For variables with missing values, mean imputation was applied to preserve sample size. Multiple imputation was considered; however, the proportion of missing data was minimal, and the affected variables were not included in the primary multivariable models. Given this low level of missingness, mean imputation was deemed a pragmatic, conservative approach for full-case analysis. Because lesion segmentation was fully automated and no manual intervention was applied, inter- and intra-observer reproducibility analyses were not required. To further assess the robustness of the Cox model results, multivariable logistic regression analyses were conducted. Imaging parameters identified as significant predictors in Cox regression were included in separate logistic models as binary variables.
A post hoc power analysis was conducted to evaluate whether the sample size was sufficient to detect clinically meaningful differences. Power estimates were calculated for both primary outcomes: in-hospital adverse events and long-term reinfection. The minimum required sample size was estimated based on effect sizes derived from multivariable Cox models, assuming 80% power and a two-sided α level of 0.05. To assess the robustness of the findings, a sensitivity analysis was performed by excluding one early death from the Cox regression model. An overview of the imaging analysis and statistical workflow is summarized in Figure 3.
Figure 3. Workflow diagram of patient inclusion, AI-based quantitative HRCT analysis, endpoint definition, and statistical modeling.

3. Results

3.1. Patient Characteristics

A total of 273 patients who underwent HRCT during the COVID-19 epidemic period were initially screened from the imaging system.
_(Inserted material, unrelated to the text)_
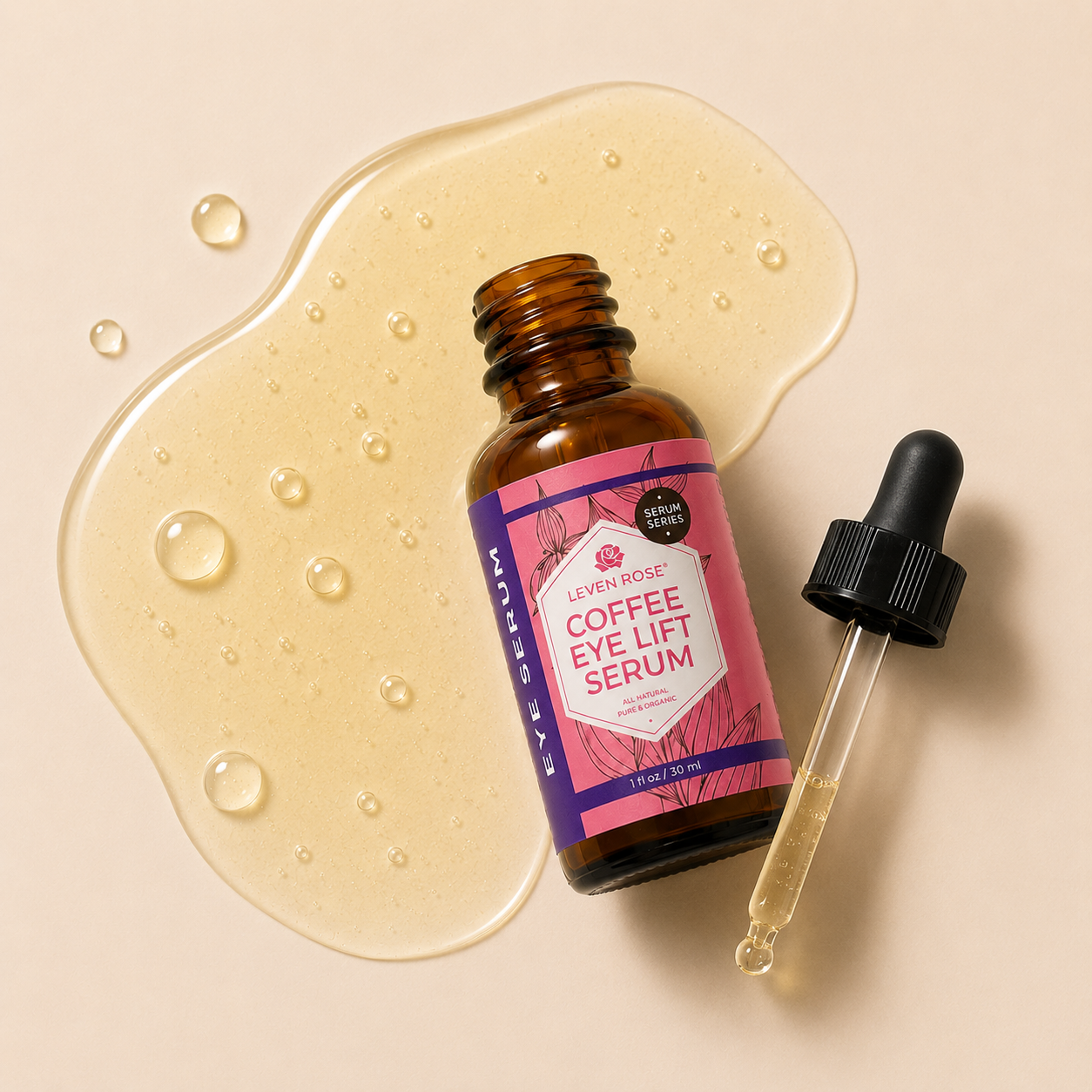 A small amber glass bottle of Urban Nose Coffee Eye Lift Serum with a pink and purple label, shown next to a clear dropper with a black cap on a beige background with a liquid smear and droplets.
After excluding 15 non-hospitalized cases and 22 with missing clinical records, 236 patients with RT-PCR–confirmed COVID-19 pneumonia were included in the final analysis. The cohort was elderly and predominantly male (mean age 70.42 years, range 28–97 years; 148 men [62.7%]), and cardiometabolic comorbidities were common: approximately half of the patients had hypertension, and similar proportions had diabetes mellitus or coronary heart disease. More than 90% of patients had received at least one dose of COVID-19 vaccine at baseline. A total of 4.94 person-years (1804.4 person-days) of follow-up were accrued during the initial hospitalization period and 323.1 person-years (117,923 person-days) during the long-term reassessment period. During the initial hospitalization follow-up, the median observation period was 7.65 days (IQR: 5.23–11.36 days), and 38 patients (16.1%) experienced the composite in-hospital adverse outcome (ICU admission or all-cause death), whereas 198 patients (83.9%) did not, indicating a moderately imbalanced distribution of in-hospital events versus non-events.
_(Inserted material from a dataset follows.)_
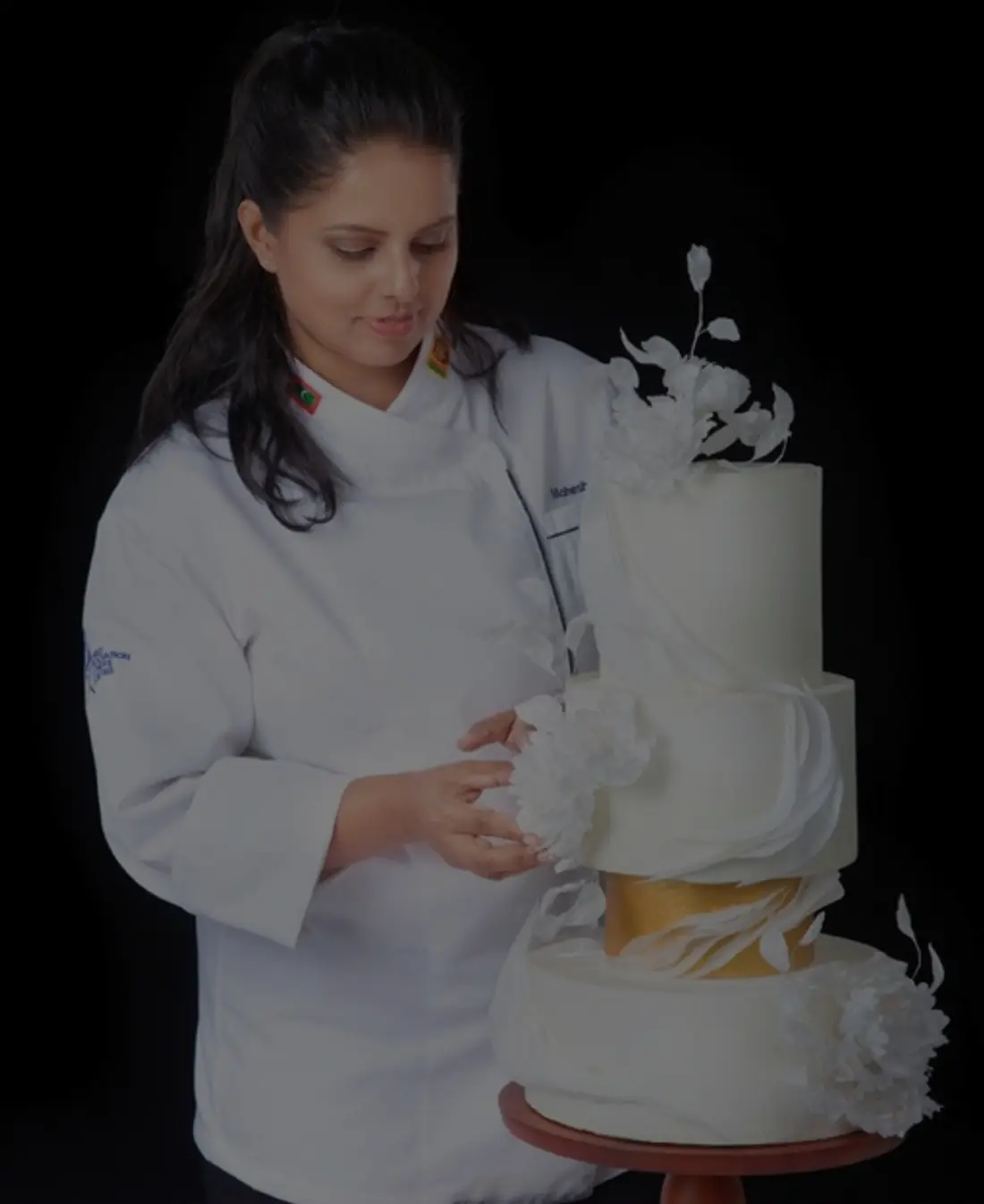 Mash decorating a white tiered wedding cake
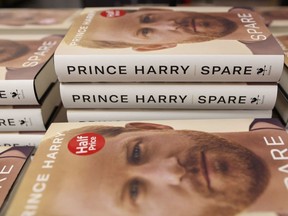 The book "Spare", by Britain's Prince Harry, Duke of Sussex, is displayed during a special midnight opening event for the release of the memoire at the WHSmith bookstore, at Victoria Station in London, on January 9, 2023. (Photo by ISABEL INFANTES/AFP via Getty Images)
For the long-term follow-up, 21 patients who died during the index hospitalization were excluded and 22 patients were lost to follow-up, leaving 193 survivors in the reinfection analysis cohort (median observation duration 611.00 days, IQR: 602.50–615.00 days). Among these patients, 18 (9.3%) were identified as having laboratory-confirmed SARS-CoV-2 reinfection, whereas 175 (90.7%) did not experience documented reinfection, resulting in a markedly imbalanced endpoint for the long-term analysis.
Compared with the non-adverse-outcome group, patients with adverse outcomes were significantly older and had higher levels of WBC, IL-6, D-dimer, CRP, and procalcitonin (PCT), along with lower lymphocyte percentage (LYM%) (all p < 0.05). Regarding quantitative imaging parameters, the adverse outcomes group demonstrated a higher opacity score, volume of opacities, percentage of opacities, volume of high-attenuation opacities, percentage of high-attenuation opacities, and mean HU of the total lung. The adverse-outcomes group also had a significantly higher prevalence of comorbidities, including cardiac insufficiency, coronary heart disease (CHD), COPD, and concurrent fungal or bacterial infections (p < 0.05; illustrated in Table 1).
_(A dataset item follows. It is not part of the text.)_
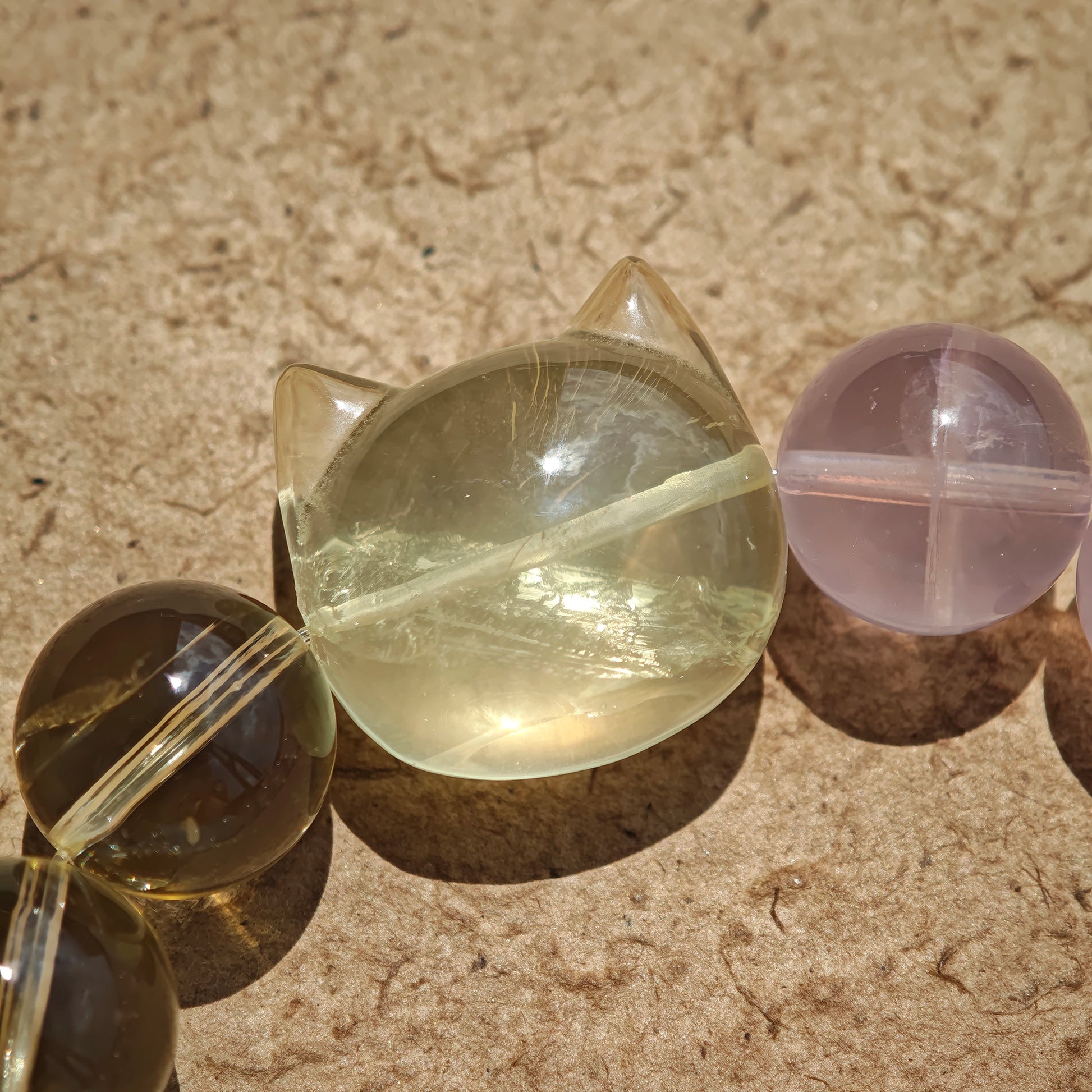 This is a Rose Quartz Bracelet with Aquamarine, Citrine crystal and cat charm.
Table 1. Baseline Characteristics of Patients in the Adverse Outcomes Group and Non-Adverse Outcomes Group.
Compared with the non-reinfection group, patients with reinfection showed no significant differences in age, sex distribution, smoking history, or major comorbidities such as hypertension, diabetes, coronary heart disease, or chronic obstructive pulmonary disease (all p > 0.05). Laboratory parameters—including WBC, lymphocyte percentage, IL-6, D-dimer, CRP, ESR, and PCT—were also comparable between the two groups (all p > 0.05), although a trend toward elevated PCT levels was observed in reinfected individuals (p = 0.02).
In contrast, quantitative HRCT parameters demonstrated notable differences. Reinfection cases exhibited significantly higher lung opacity scores (median = 10.50 vs. 6.00, p = 0.00), greater lesion volumes and percentages (median opacity volume = 829.10 mL vs. 365.03 mL, p = 0.01; percentage of opacities = 30.38% vs. 13.00%, p = 0.01), and a larger burden of high-attenuation opacities (volume = 204.79 mL vs. 55.46 mL, p = 0.00; percentage = 6.31% vs. 1.91%, p = 0.01). Baseline characteristics comparing patients with and without reinfection are presented in Table 2.
Table 2. Baseline Characteristics of Patients in the Non-Reinfection Group and Reinfection Group.
For both adverse-outcome and reinfection comparisons, Cohen’s d values were interpreted based on absolute magnitude: |0.2| = small, |0.5| = medium, and |0.8| = large effect sizes. Negative values reflect directionality of group differences rather than smaller effects. Across baseline characteristics, most clinical variables showed small effect sizes, whereas several HRCT-derived quantitative parameters—such as opacity score, volume of opacities, and high-attenuation metrics—demonstrated medium to large effects, indicating substantial group separation. Key between-group differences were also visualized to enhance interpretability: Figure 4 displays heatmaps and boxplots of baseline clinical and quantitative imaging features for adverse outcomes, and Figure 5 shows analogous comparisons by reinfection status.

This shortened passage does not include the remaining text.